DSchG NRW § 2 Abs. 1
Ein Gebäude, das die tatbestandlichen Voraussetzungen des Denkmalbegriffs erfüllt, ist als Baudenkmal in die Denkmalliste einzutragen. Der Umstand, dass bereits mehrere gleichartige oder ähnliche Objekte in die Denkmalliste eingetragen sind, ändert daran - abgesehen von seltenen Ausnahmefällen - nichts.
Tatbestand:

Der Kläger ist Eigentümer einer aus mehreren Gebäuden - u. a. Haupthaus, Stallscheune, Backhaus - bestehenden Hofanlage, die im Wesentlichen zu Beginn des 19. Jahrhunderts in Fachwerkbauweise errichtet worden ist. Die Gebäude wurden später in gleicher Bauweise teilweise erweitert, dabei aber konstruktiv allenfalls in sehr geringem Umfang verändert. Der Beklagte teilte dem Kläger durch Bescheid vom 8. März 2005 nach vorheriger Anhörung mit, dass die Hofanlage mit den genannten drei Gebäuden in die Denkmalliste eingetragen worden sei. Zur Begründung berief er sich darauf, die Anlage sei bedeutend für die Geschichte des Menschen in der Gemeinde, da die Bauherren der drittältesten Siedlungsschicht der Region zuzurechnen seien.
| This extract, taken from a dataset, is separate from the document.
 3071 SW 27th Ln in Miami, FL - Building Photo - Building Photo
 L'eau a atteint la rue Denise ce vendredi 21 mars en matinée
Sie sei auch bedeutend für Städte und Siedlungen, da sie in ihrer für die regionalen Dorfbauernschaften typischen Häusertruppformation Zeugnis für die Siedlungsgeschichte der Gemeinde und für die Entwicklung der Arbeits- und Produktionsverhältnisse ablege. Für ihre Erhaltung und Nutzung sprächen wissenschaftliche, hauskundliche und volkskundliche Gründe. Mit seinem Widerspruch verwies der Kläger auf die ihm durch die Unterschutzstellung erwachsende wirtschaftliche Belastung und wandte sich gegen die für die Unterschutzstellung geltend gemachten Gründe. Widerspruch und Klage blieben ohne Erfolg. Den Antrag auf Zulassung der Berufung lehnte das OVG ab.

Gründe:

Das VG hat die Hofanlage des Klägers zu Recht als Baudenkmal - bestehend aus drei Gebäuden - eingestuft, das in die Denkmalliste einzutragen war.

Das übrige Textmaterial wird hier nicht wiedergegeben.